Le coeur serré


Capharnaüm, un film de Nadine Labaki 
avec Zain Alrafeea, Yordanos Shifera, Boluwatife Treasure Bankole


Larmes abondantes et applaudissements prolongés : Capharnaüm est sans aucun doute le film qui a suscité le plus d’engagement émotionnel chez les festivaliers cannois cette année. 
Comme la bande-annonce le laisse si bien présager (avec pertes et fracas), le jeune Zain attaque ses parents en justice “pour l’avoir mis au monde” : il sera donc dans Capharnaüm question de suivre la vie insoutenable de cet enfant et de comprendre ce qui l’amène à intenter un procès à ses parents. D’ailleurs, symboliquement, son avocate est interprétée par Nadine Lababki, la réalisatrice - qui n’oublie pas de se faire jeter au visage par la mère de Zain qu’elle “ne connaît rien à sa vie” et n’est donc pas en capacité de juger. Malin. 

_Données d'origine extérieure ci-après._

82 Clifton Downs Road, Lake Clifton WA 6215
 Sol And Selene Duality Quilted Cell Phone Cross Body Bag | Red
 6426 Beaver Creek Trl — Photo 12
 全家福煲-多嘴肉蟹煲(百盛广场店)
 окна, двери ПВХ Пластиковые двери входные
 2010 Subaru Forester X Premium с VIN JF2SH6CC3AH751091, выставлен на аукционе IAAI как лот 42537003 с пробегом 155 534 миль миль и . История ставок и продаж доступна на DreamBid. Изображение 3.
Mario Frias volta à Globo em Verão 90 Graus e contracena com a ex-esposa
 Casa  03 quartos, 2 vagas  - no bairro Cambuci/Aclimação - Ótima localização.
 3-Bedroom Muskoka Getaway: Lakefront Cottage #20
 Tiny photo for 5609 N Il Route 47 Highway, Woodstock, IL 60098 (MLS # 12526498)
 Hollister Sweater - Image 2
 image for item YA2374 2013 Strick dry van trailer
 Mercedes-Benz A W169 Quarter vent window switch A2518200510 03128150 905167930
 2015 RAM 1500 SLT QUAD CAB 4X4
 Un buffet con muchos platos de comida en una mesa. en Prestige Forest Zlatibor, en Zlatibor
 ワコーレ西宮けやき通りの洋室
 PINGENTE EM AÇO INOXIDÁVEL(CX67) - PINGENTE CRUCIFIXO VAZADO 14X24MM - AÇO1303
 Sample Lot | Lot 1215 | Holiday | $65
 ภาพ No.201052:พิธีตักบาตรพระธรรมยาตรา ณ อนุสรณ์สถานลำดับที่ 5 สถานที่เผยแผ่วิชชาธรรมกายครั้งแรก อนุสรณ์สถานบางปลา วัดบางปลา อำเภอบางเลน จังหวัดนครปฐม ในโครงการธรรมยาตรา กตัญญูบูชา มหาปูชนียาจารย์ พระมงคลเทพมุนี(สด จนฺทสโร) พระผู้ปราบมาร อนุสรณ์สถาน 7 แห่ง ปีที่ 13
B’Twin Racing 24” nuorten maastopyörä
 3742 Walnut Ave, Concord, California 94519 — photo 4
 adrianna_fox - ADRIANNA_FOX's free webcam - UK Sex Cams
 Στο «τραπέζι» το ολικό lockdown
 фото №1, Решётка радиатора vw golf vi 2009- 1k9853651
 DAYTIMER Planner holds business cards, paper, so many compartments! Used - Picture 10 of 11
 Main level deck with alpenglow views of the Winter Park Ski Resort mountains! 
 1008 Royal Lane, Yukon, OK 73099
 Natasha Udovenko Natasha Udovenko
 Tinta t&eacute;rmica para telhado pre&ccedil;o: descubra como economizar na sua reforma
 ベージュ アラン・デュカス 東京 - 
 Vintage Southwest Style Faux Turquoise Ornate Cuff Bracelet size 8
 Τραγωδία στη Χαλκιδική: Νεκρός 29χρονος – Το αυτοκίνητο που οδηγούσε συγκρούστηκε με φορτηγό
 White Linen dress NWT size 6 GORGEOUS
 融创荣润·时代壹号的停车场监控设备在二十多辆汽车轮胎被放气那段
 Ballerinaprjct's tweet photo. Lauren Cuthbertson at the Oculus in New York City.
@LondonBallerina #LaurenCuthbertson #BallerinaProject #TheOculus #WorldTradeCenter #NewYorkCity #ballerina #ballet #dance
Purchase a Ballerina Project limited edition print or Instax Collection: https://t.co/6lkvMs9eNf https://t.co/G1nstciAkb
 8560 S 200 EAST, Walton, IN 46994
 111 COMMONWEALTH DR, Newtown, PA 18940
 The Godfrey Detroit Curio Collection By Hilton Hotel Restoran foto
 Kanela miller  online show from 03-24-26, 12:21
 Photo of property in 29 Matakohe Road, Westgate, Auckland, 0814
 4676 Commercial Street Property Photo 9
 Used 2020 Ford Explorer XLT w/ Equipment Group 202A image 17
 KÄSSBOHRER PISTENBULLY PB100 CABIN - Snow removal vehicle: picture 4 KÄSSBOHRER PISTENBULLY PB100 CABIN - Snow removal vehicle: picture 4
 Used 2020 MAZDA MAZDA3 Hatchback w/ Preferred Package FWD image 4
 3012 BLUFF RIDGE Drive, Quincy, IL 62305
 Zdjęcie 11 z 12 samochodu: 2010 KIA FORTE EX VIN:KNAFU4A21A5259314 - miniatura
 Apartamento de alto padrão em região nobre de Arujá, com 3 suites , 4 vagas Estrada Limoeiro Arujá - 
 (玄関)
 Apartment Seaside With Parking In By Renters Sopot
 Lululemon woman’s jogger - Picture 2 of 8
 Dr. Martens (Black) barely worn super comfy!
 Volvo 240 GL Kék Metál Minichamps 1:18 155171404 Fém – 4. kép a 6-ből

Le 17 mai 2018, le mot “misérabilisme” a été réhabilité pour l’occasion par les festivaliers les plus critiques qui en on ensuite usé et abusé jusqu’au terme du festival où Capharnaüm a finalement remporté le Prix du Jury. Capharnaüm ne satisfait pas tous les publics, mais il demeure évident que la volonté est plutôt de dénoncer. Les moyens employés pour ce faire sont certes dantesques (et la durée du film conséquente, il accuse ses deux heures) mais la complaisance n’est pas de la partie. 

Le plus intéressant dans ce film - pour qui n’a pas de cœur, comme le rédacteur de cet article sans aucun doute - demeure le “capharnaüm” évoqué dans le titre. Beyruth est filmée comme un monstre aux multiples facettes, plus terribles les unes que les autres, dans lesquelles Zain est systématiquement désorienté, en proie aux éventualités les plus atroces. Il est enfermé dans le cadre (un très beau 2,35:1 au demeurant), cerné par le mixage sonore et le montage ne lui laisse pas une seconde de répit : l’immersion est absolue et terrifiante. Zain est livré à lui-même, ceux qu’ils rencontre sont autant d’ennemis, tout peut arriver et le public le sait : le film est particulièrement efficace à ce niveau. Il endosse un véritable statut de drame en s’éloignant du “film social” qu’il aurait pu rester par facilité. 

On ne peut finalement que regretter que le nombre de ses péripéties et par conséquent la durée générale du film ; on en vient presque à douter de ces mésaventures tant il semble que l’engrenage sordide n’ait pas de limites. Le trop se révélant comme souvent ennemi du bien, faire plus court aurait pu être plus percutant.